A related query: many heroes have tried to do the Salman kind of film, and now Arjun too tries it. His take on that? “I think Salman-sir or Shah Rukh Khan are way above their films. We can only be as good as our characters. But that does not mean that I will do one film like this every year. I do films that excite me, so after Tevar, I have still not signed any film, although I have done a lot of work since I started out in 2012 with Ishaqzaade.”
How does he see his extraordinarily good run in 2014? “Can I be absolutely honest? There is a lot of relief,” laughs Arjun. “If these films had flopped, Tevar would have been a problem for us.

I am often asked why I did not work earlier with my father (Boney Kapoor), who was also around for Tevar with my uncle Sanjay. That is because I wanted to work with dad only when I was an asset to him, not a liability. I know that dad is a hands-on yet flamboyant filmmaker and makes a certain lavish kind of cinema. Ask him for an Ambassador and he gives you a Mercedes. I knew the kind of money he will spend on Tevar and I did not want my standing in the market to be a burden and make him compromise on the product.”

Lessons learnt
One vital lesson Arjun learnt last year was to follow his heart and not go by people’s perception of him. “Everyone said that I was best suited for action after Ishaqzaade and Gunday, but my biggest hit is 2 States,” he smiles. “In fact, I am thrilled that people of all ages loved the film in these days of movies that are said to be only for the youth, only for the masses and so on!”
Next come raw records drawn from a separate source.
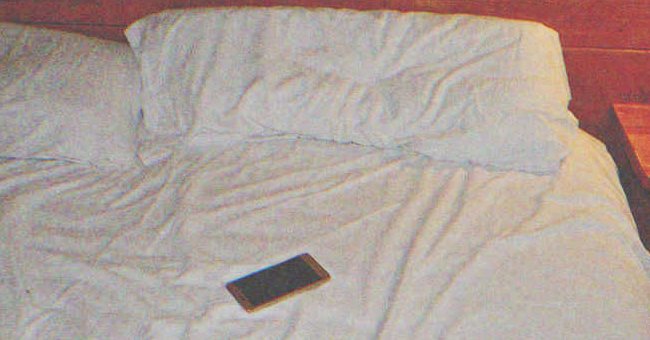 A cellphone on a bed | Source: Shutterstock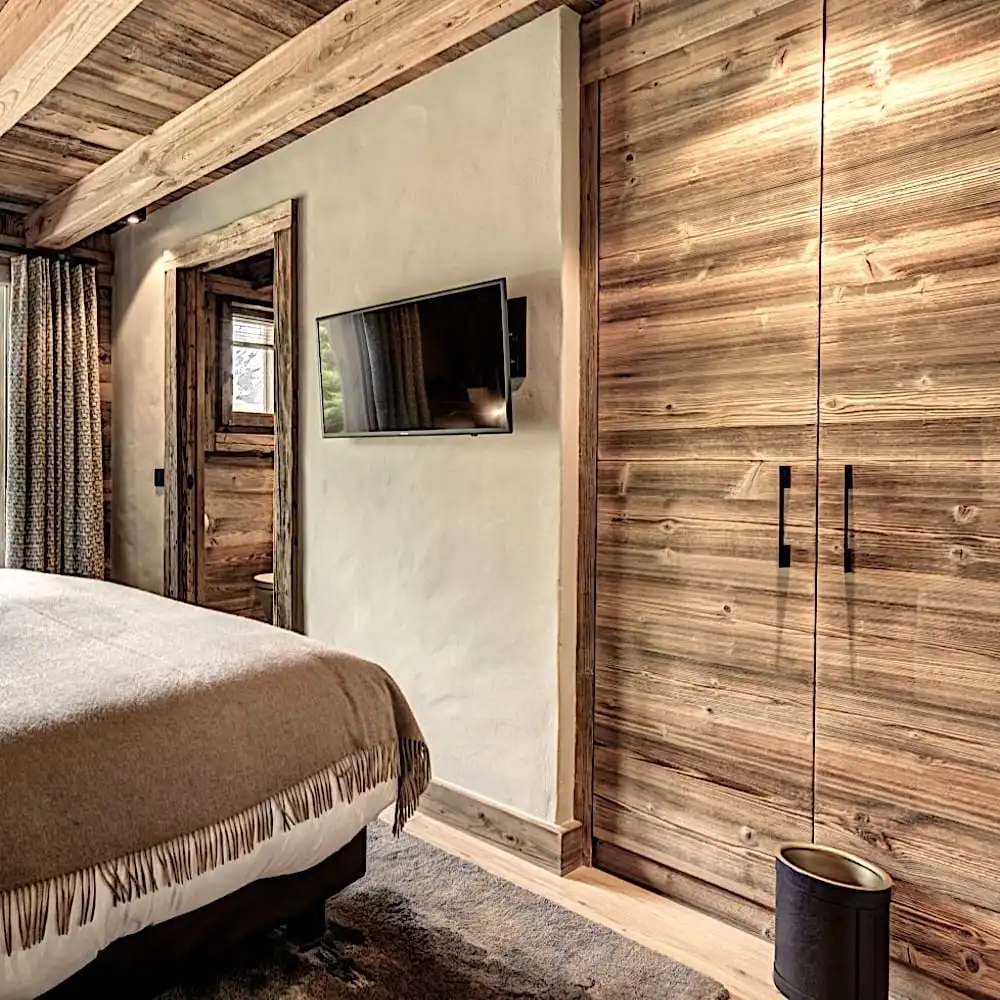 Une chambre confortable avec des murs en bois et un sol en panneaux de bois vieux, avec une télévision à écran plat montée en face du lit et une décoration minimaliste. 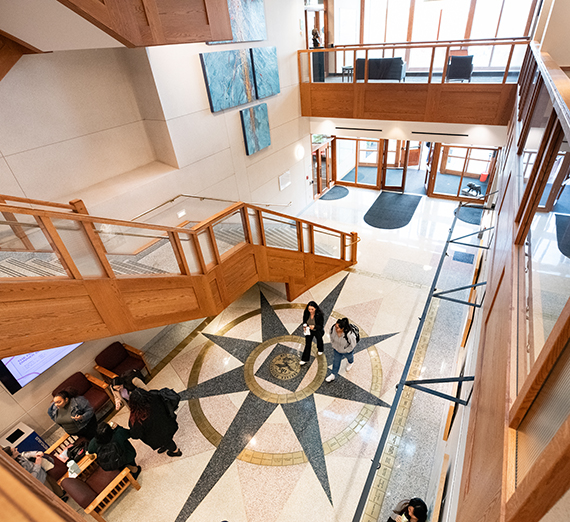 Students walk into the law school on a bright and sunny day. 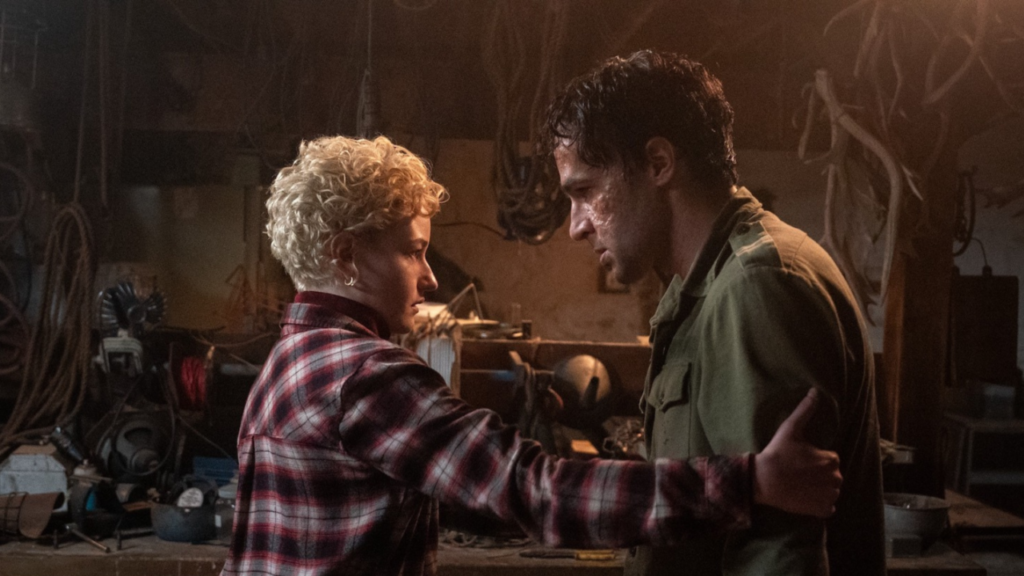 Two people stand in a cluttered workshop, facing each other closely. The person on the left wears a plaid shirt, the person on the right wears a green jacket. Both appear serious.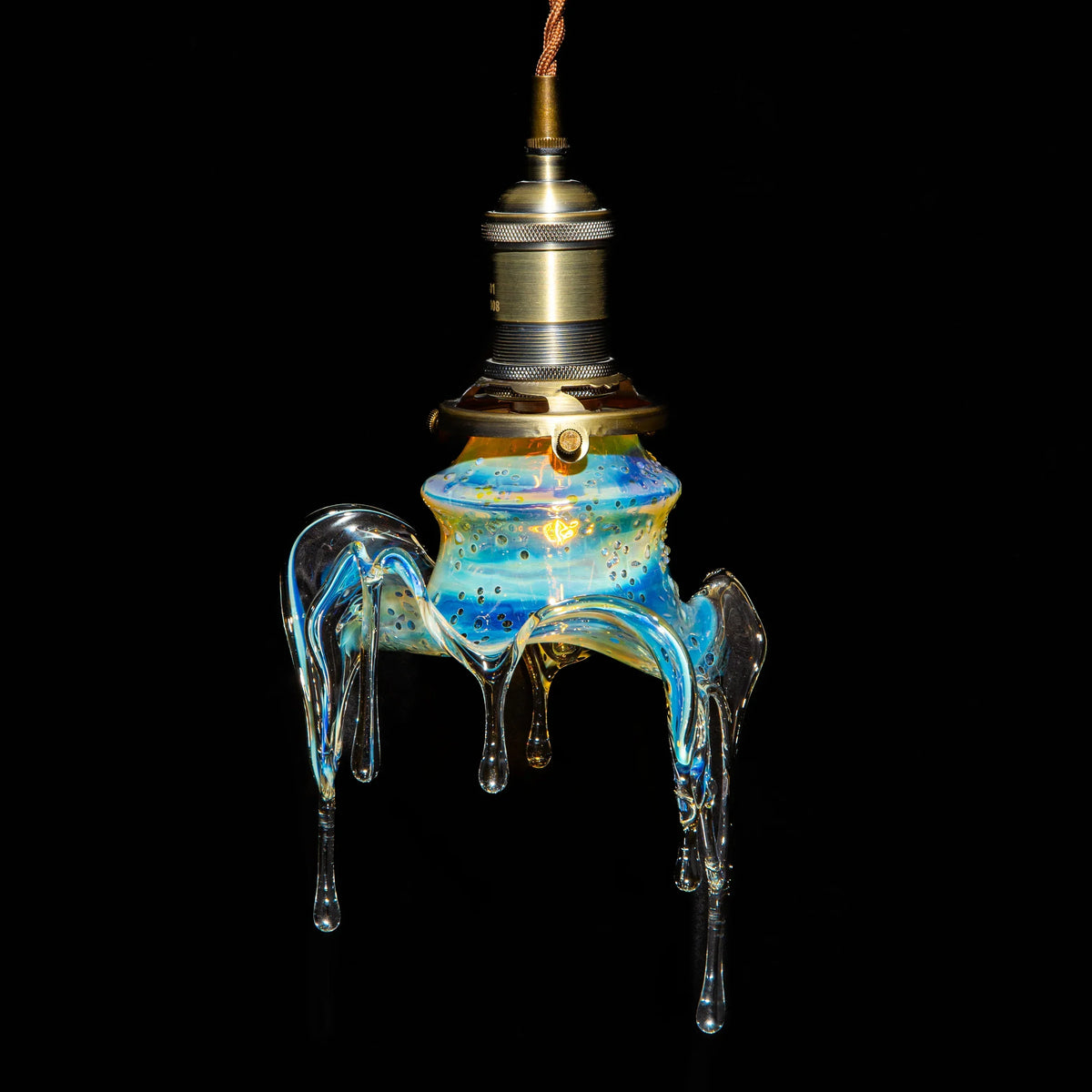 Hand-blown glass pendant light with blue and gold details, unique dripped design, black background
How was work on the sets in the familial atmosphere? “It was for the first time ever that I spent so much time with my father,” he reflects. “I was just 10 or 12 when my parents separated, so waking up early, having a meal with him before going on the sets and his being there all day was a phenomenal experience. From dad’s side too, though he had watched and liked me in my films, he had only seen the final product, but never seen me actually acting in front of him.”

With his father’s mainstream sensibility and his director’s claim that Tevar is not the standard masala film, how would he describe his film? “My father always makes entertaining cinema. What our director meant was this is not a frivolous film but has a certain graph. So, though the songs, comedy and other entertaining items may be there, as in, say, a Dabangg, there is also a definite story and real characters. It is not a dark drama, but not illogical either. It is not brainless, but has some brain and some heart.”

The film is a remake of the Telugu hit Okkadu. Have they made any changes for the pan-Indian audience? Arjun replies, “Yes, the principal one was that in the original, Mahesh Babu was the classic hero. Here, my character has been modified to an ordinary lad from Agra who is faced with an extraordinary situation — pitted against a huge don. But since he is a kabaddi player, there is a certain fighting spirit in him, though he first runs away from trouble.”

On screen chemistry
And why Sonakshi, who usually works with an older generation of actors? Smiles Arjun, “Do you know that she is younger than me? But she is already a major star with the kind of movies she has chosen. Sonakshi was my father’s and my unanimous choice when we decided to make the film. She has the vulnerability and the Indianness needed for a girl from Mathura, and our pairing too is fresh.”

In a raving mode, he carries on, “With the undemanding roles she has chosen till now, I had erroneously assumed that Sonakshi was not a hungry actor and was content with mere stardom. I could not be more wrong — she is a one-take natural actor who can cry on cue among other things. There are only a handful of such brilliant talents around, like Alia and her. Sonakshi is non-fussy and does not carry her stardom on her sleeve.”

Finally, since Tevar is a home production, has he been involved in any other aspect? “Yes, in the marketing decisions, like keeping the media interactions sufficiently early instead of the normal breakneck interviews just a week before release,” he smiles. “Also, though Binny and Ravi Padda have cut our trailers, I am thankful to them for letting me butt in and contribute my two bits worth. This way, my father and uncle could remain in the loop but take it easy because that load was being handled by me.”